=== Section Start ===

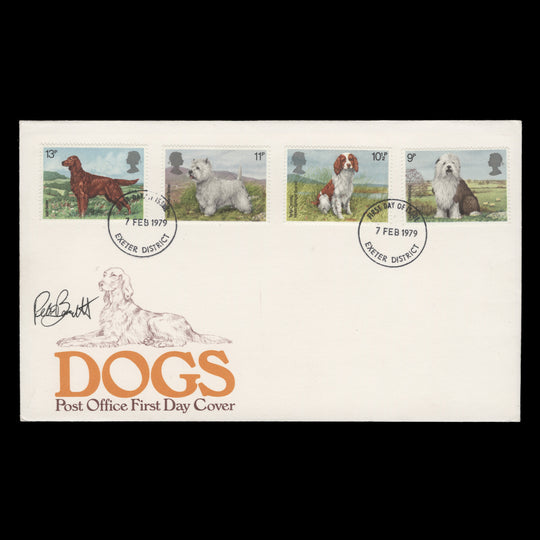 Great Britain 1979 British Dogs first day cover signed by designer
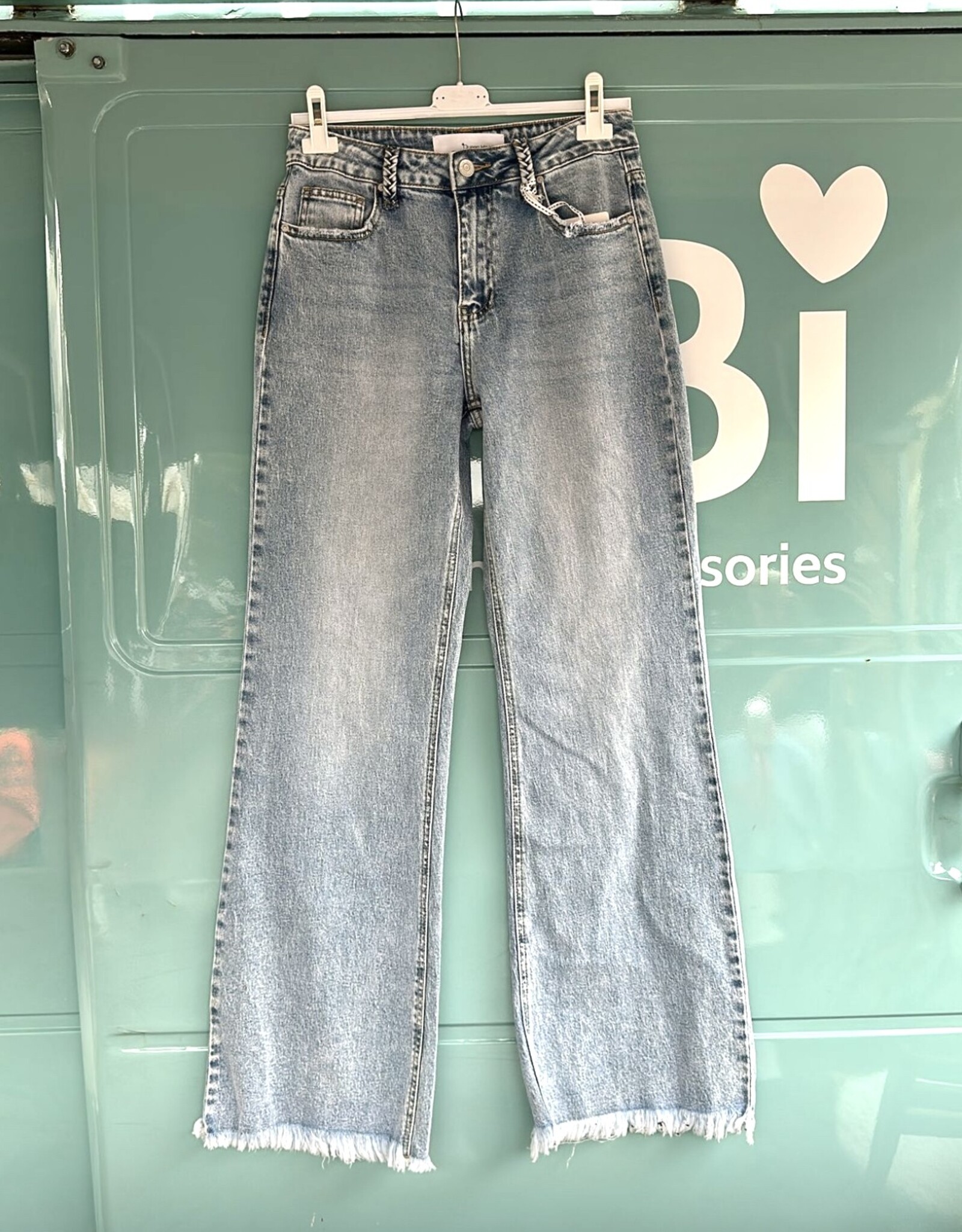 Jeans franjes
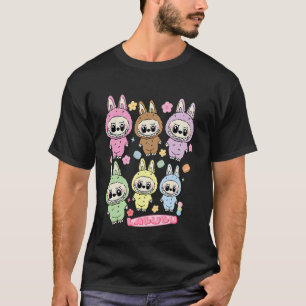 Lustiger Labubu-Fan Süße Labubu Die Monster Frauen T-Shirt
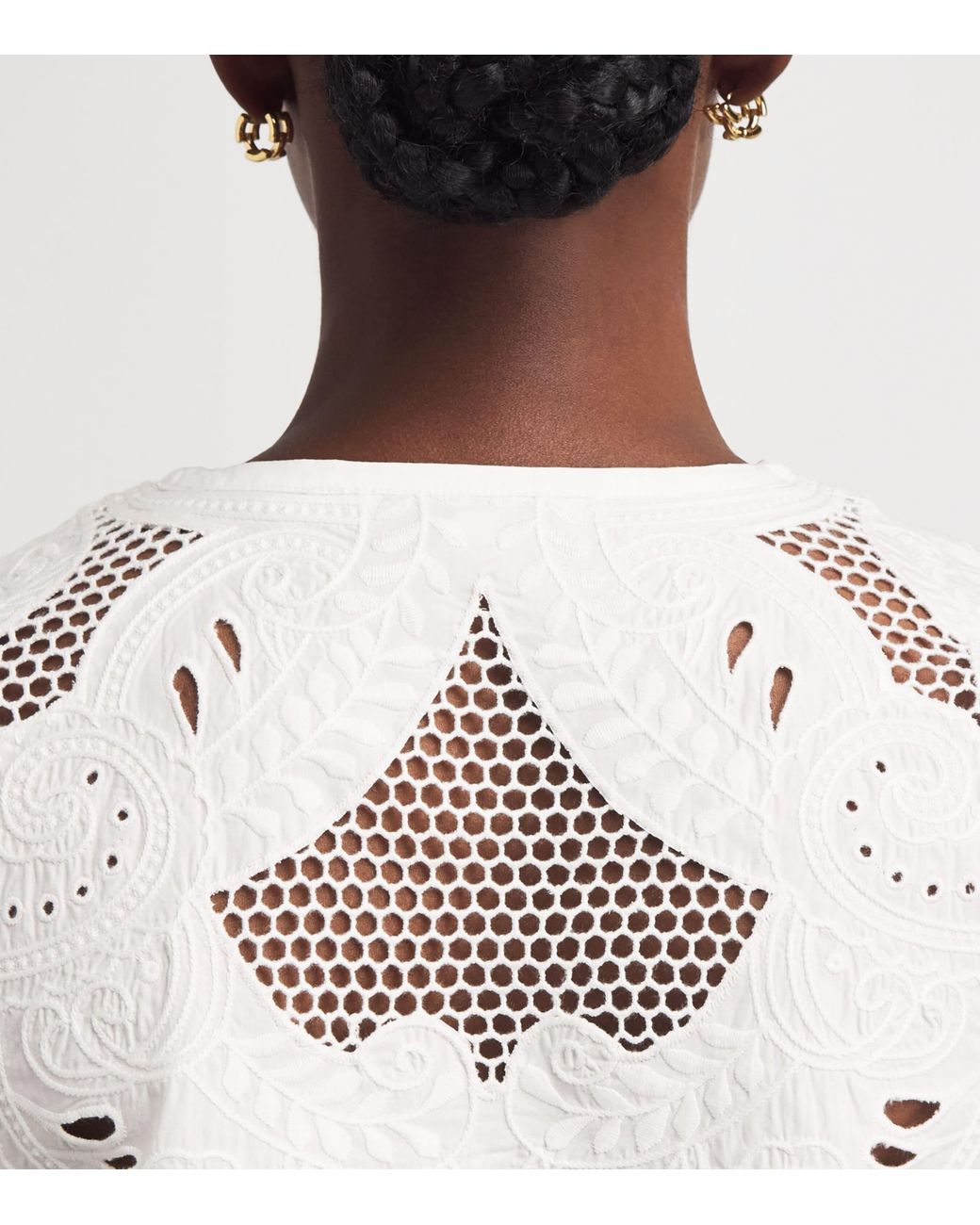 Veronica Beard White Cotton Suniva Blouse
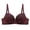 Coffee, variant on Full Coverage Underwire Bra Plus Size Breathable Comfort Red 42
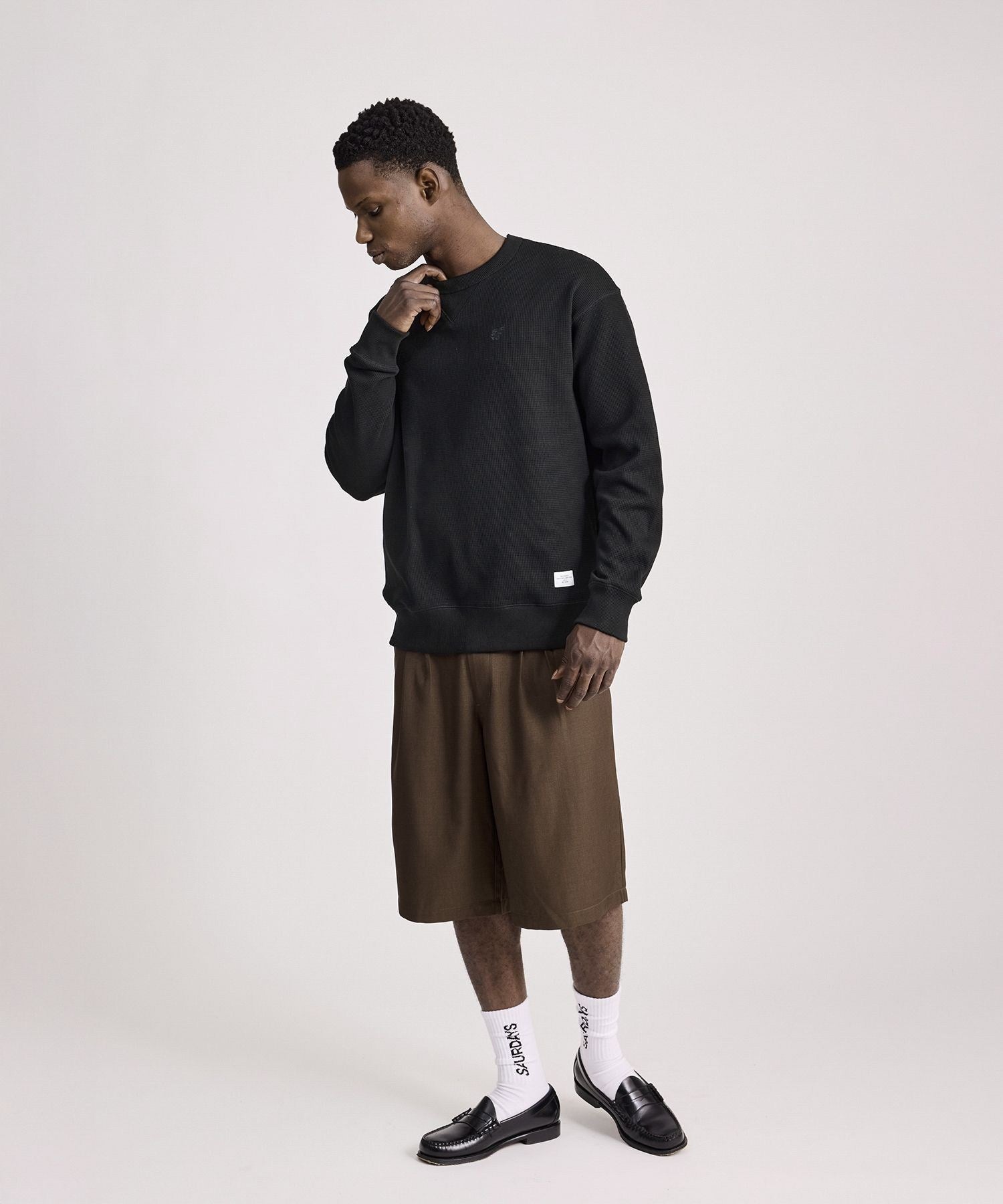 SNYC Waffle Relaxed Top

=== Section End ===

What needs to be done =>
All lines from the one containing "Coffee, variant on" through the final line of the entries above are to be copied exactly; the pictures are not.

Response =>
 Coffee, variant on Full Coverage Underwire Bra Plus Size Breathable Comfort Red 42
 SNYC Waffle Relaxed Top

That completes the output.